As with print, if you omit expr, the BASH debugger displays the last expression again.

The x command first checks if expr is variable or a list of variables delimited by spaces. If it is, the definition(s) and value(s) of each printed via BASH’s declare -p command. This will show the variable’s attributes such as if it is read only or if it is an integer. If the variable is an array, that is show and the array values are printed.

If instead expr is a function, the function definition is printed via BASH’s declare -f command. If expr was neither a variable nor an expression, then we try to get a value via let. And if this returns an error, as a last resort we call print and give what it outputs.

Since let may be used internally and since (to my thinking) let does funny things, the results may seem odd unless you understand the sequence tried above and how let works. For “example if the variable foo has value 5, then ‘x foo’ shows the definition of foo with value 5, and ‘x foo+5’ prints 10 as expected. So far so good. However if foo is has the value ‘alpha’, ‘x foo+5’ prints 5 because let has converted the string ‘alpha’ into the numeric value 0. So ‘p foo+5’ will simply print “foo+5”; if you want the value of “foo” substituted inside a string, for example you expect “the value of foo is $foo” to come out “the value of foo is 5”, then the right command to use is print rather than x, making sure you add the dollar onto the beginning of the variable.

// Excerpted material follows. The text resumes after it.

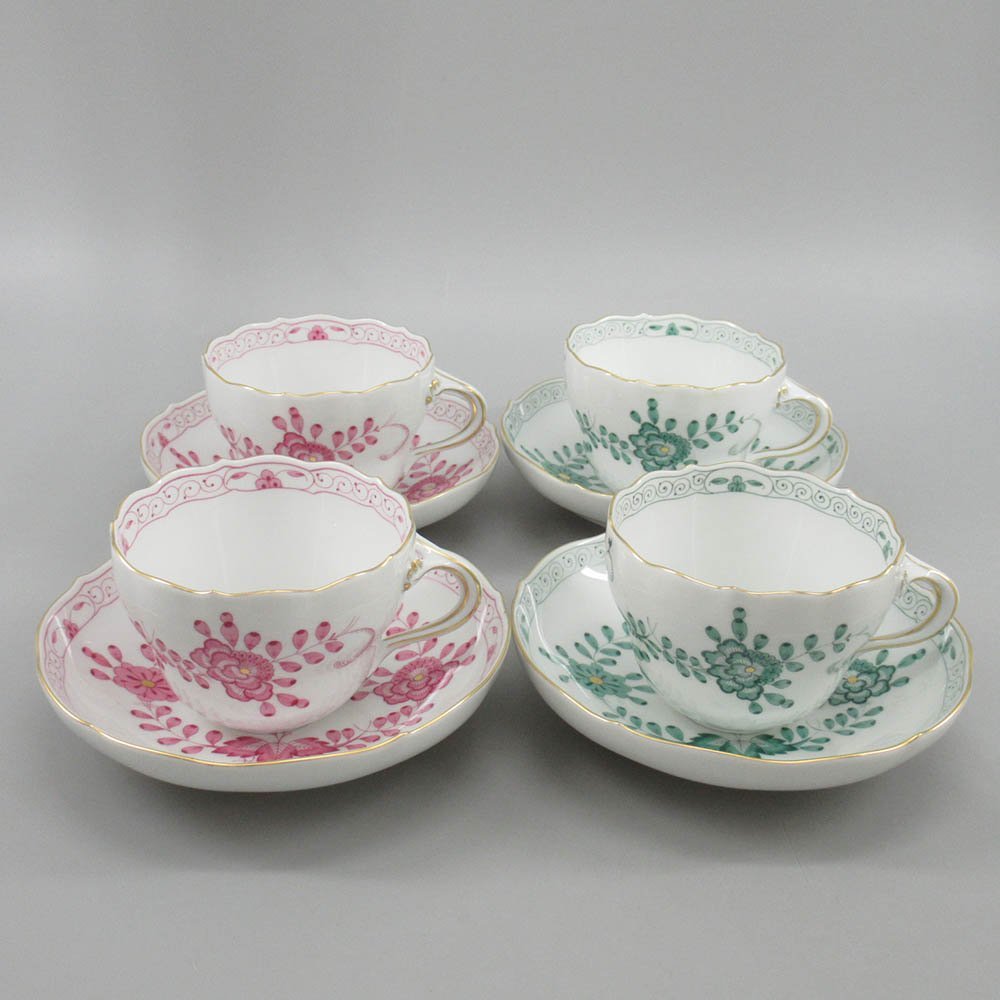 マイセン Meissen インドの華 枝付き グリーン ② プレート 大皿 25.2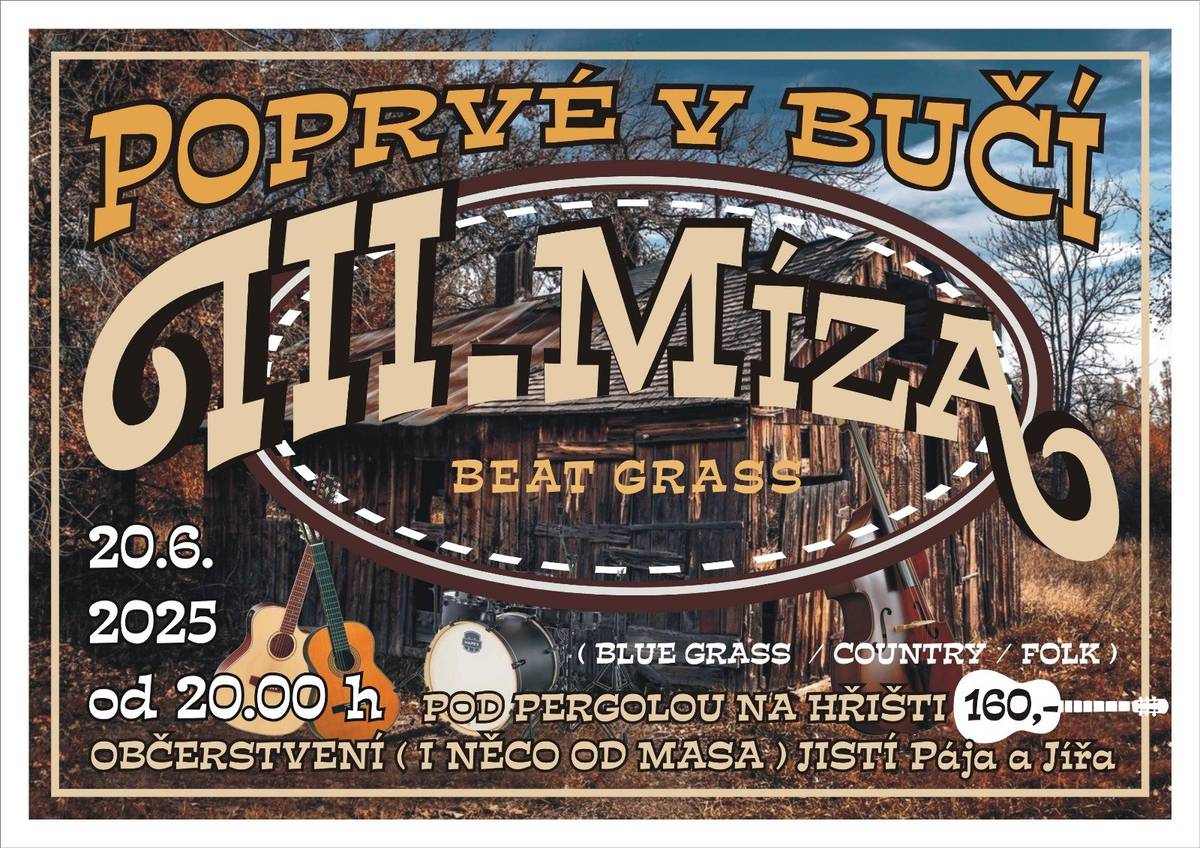 Dne 20. 6. 2025 od 20:00 hod. zahraje na hřišti pod pergolou kapela III. MÍZA. Vstupné je 160,- Kč. Občerstvení zajištěno.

bashdb<0> examine x y declare -- x="22" declare -- y="23" bashdb<1> examine x+y 45 bashdb<2> x fn1 fn1 () { echo "fn1 here"; x=5; fn3 } bashdb<2> x FUNCNAME declare -a FUNCNAME='([0]="_Dbg_cmd_x" [1]="_Dbg_cmdloop" [2]="_Dbg_debug_trap_handler" [3]="main")'

V [!][pattern]

If you want to all list variables and values or a set of variables by pattern, use this command.

bashdb<0> V dq* dq_args="dq_*" dq_cmd="V" bashdb<1> V FUNCNAME FUNCNAME='([0]="_Dbg_cmd_list_variables" [1]="_Dbg_cmdloop" [2]="_Dbg_debug_trap_handler" [3]="main")'

4.10 Automatic display (‘display’, ‘undisplay’)

If you find that you want to print the value of an expression frequently (to see how it changes), you might want to add it to the automatic display list so that the BASH debugger evaluates a statement each time your program stops. Each expression added to the list is given a number to identify it; to remove an expression from the list, you specify that number. The automatic display looks like this:

2 (echo $x): 38

This display shows item numbers, expressions and their current values.

display expr

Add the expression expr to the list of expressions to display each time your program stops.

display

Display the current values of the expressions on the list, just as is done when your program stops.

undisplay dnums…

delete display dnums…

Remove item numbers dnums from the list of expressions to display.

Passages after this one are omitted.